乃木坂46 伊藤万理華が積み上げてきた“個性”とは? 香月孝史が卒業発表を機に振り返る

 グラフィックデザイナーの父とファッションデザイナーの母を持つ伊藤は、アート・ファッション方面でも個性を発揮していた。

「乃木坂46にはファッション誌の専属モデルも多く在籍していますが、ファッションとの関わりにおいても彼女は独特な存在です。雑誌『装苑』などで幅広くクリエイターとの親和性を発揮し、『月刊MdN』の連載『MARIKA MEETS CREATORS』では、毎回さまざまなジャンルのクリエイターとの対談を行なっています。『月刊MdN』の連載にはライターとして立ち会っていますが、対談相手に敬意を払いながら毎月相当の準備をしているのがわかります。また、この連載では毎回、衣装が伊藤さんの私服なので、伊藤さん自身がスタイリスト兼被写体としても登場することになります。誌面でお伝えできる内容以上に、伊藤さんは多方向に頭を使って取材に臨み、いくつもの役割をこなしている。その姿勢には頭が下がります。個人的にも、彼女の興味関心の広さのお陰で、さまざまなクリエイターの表現を取材する機会をいただけているのはありがたいことです」

 最後に、個人としても功績を残しつつ、グループの後進にも道を作ったメンバーだと香月氏は語る。

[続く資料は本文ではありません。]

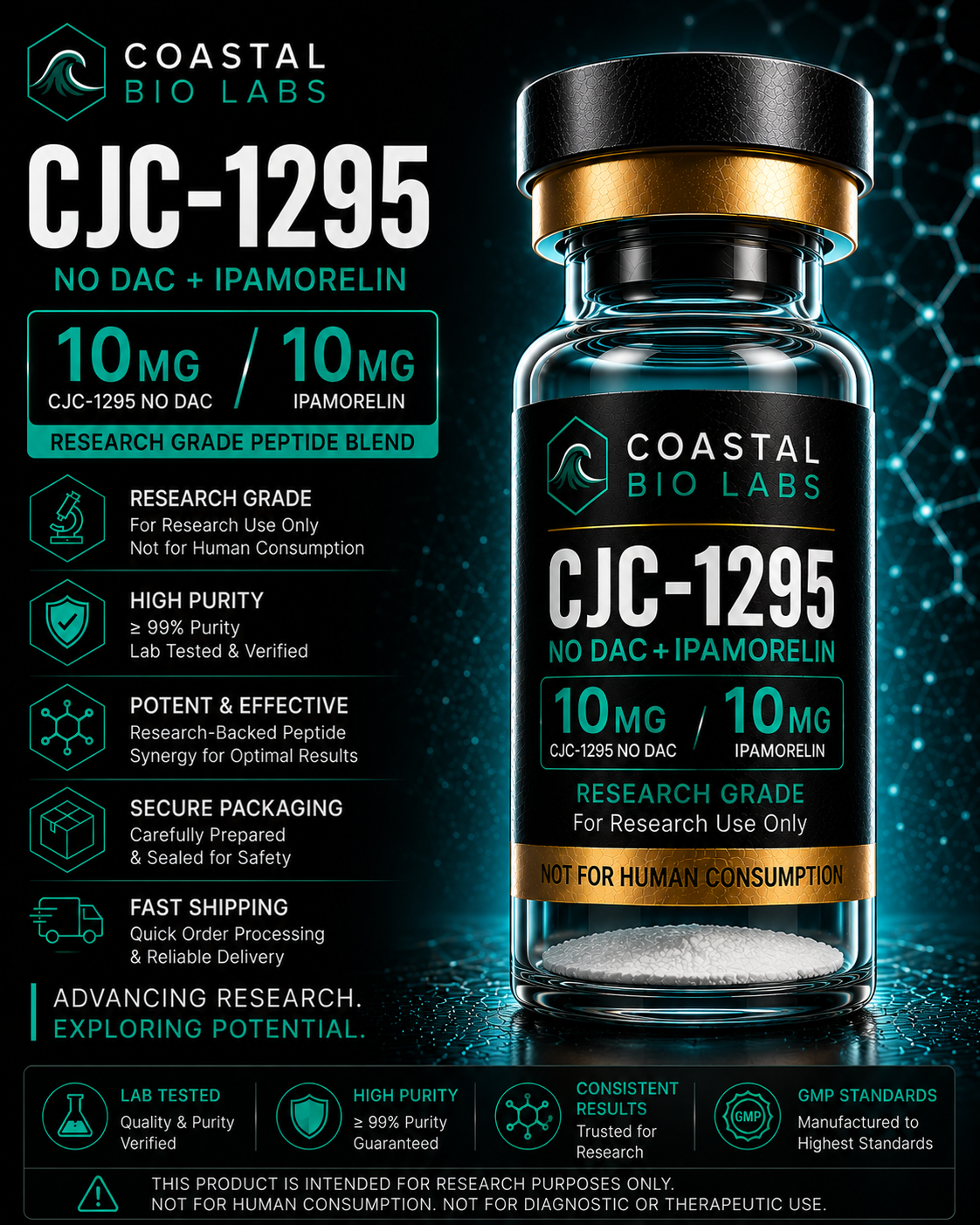 CJC-1295 (No DAC) + Ipamorelin (5mg/5mg) research peptide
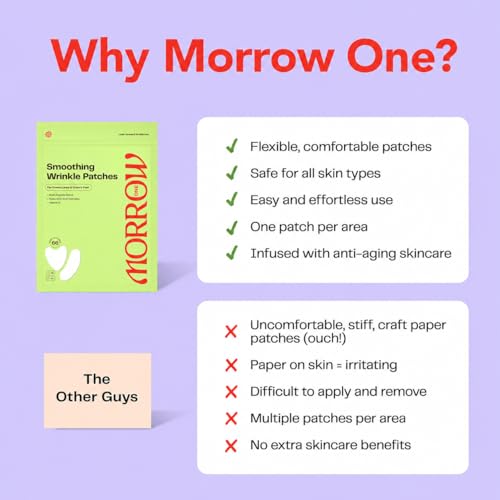 Morrow Peptide Wrinkle Patches - 66 Count Overnight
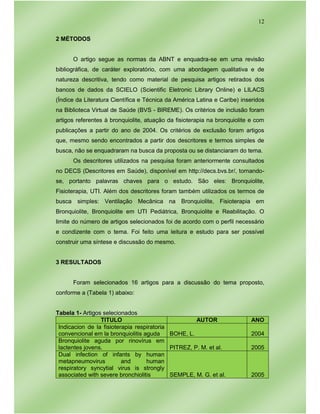 12
2 MÉTODOS
O artigo segue as normas da ABNT e enquadra-se em uma revisão
bibliográfica, de caráter exploratório, com uma abordagem qualitativa e de
natureza descritiva, tendo como material de pesquisa artigos retirados dos
bancos de dados da SCIELO (Scientific Eletronic Library Online) e LILACS
(Índice da Literatura Científica e Técnica da América Latina e Caribe) inseridos
na Biblioteca Virtual de Saúde (BVS - BIREME). Os critérios de inclusão foram
artigos referentes à bronquiolite, atuação da fisioterapia na bronquiolite e com
publicações a partir do ano de 2004. Os critérios de exclusão foram artigos
que, mesmo sendo encontrados a partir dos descritores e termos simples de
busca, não se enquadraram na busca da proposta ou se distanciaram do tema.
Os descritores utilizados na pesquisa foram anteriormente consultados
no DECS (Descritores em Saúde), disponível em http://decs.bvs.br/, tornando-
se, portanto palavras chaves para o estudo. São eles: Bronquiolite,
Fisioterapia, UTI. Além dos descritores foram também utilizados os termos de
busca simples: Ventilação Mecânica na Bronquiolite, Fisioterapia em
Bronquiolite, Bronquiolite em UTI Pediátrica, Bronquiolite e Reabilitação. O
limite do número de artigos selecionados foi de acordo com o perfil necessário
e condizente com o tema. Foi feito uma leitura e estudo para ser possível
construir uma síntese e discussão do mesmo.
3 RESULTADOS
Foram selecionados 16 artigos para a discussão do tema proposto,
conforme a (Tabela 1) abaixo:
Tabela 1- Artigos selecionados
TITULO AUTOR ANO
Indicacion de la fisioterapia respiratoria
convencional em la bronquiolitis aguda BOHE, L. 2004
Bronquiolite aguda por rinovírus em
lactentes jovens. PITREZ, P. M. et al. 2005
Dual infection of infants by human
metapneumovirus and human
respiratory syncytial virus is strongly
associated with severe bronchiolitis SEMPLE, M. G. et al. 2005
 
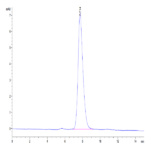 Human MADCAM1 Protein (MCM-HM101)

「個人PVやアンダーライブ、舞台公演などで名を上げながら自身の適性が発揮できる場を開拓し、それが次なるキャリアへの足がかりになったことは、グループの後進メンバーにとってもファンにとっても希望になるはずです。今回の個展は乃木坂46在籍期間の集大成ではありつつも、彼女が自由にアウトプットしていく上では、ほんのはじまりに過ぎないのかもしれません」

 マルチに才能を発揮する伊藤は今後、どんなキャリアを歩み、可能性を広げていくのか。その答えはもしかすると、個展『伊藤万理華の脳内博覧会』や『月刊MdN』での連載「MARIKA MEETS CREATORS」のなかにも潜んでいるのかもしれない。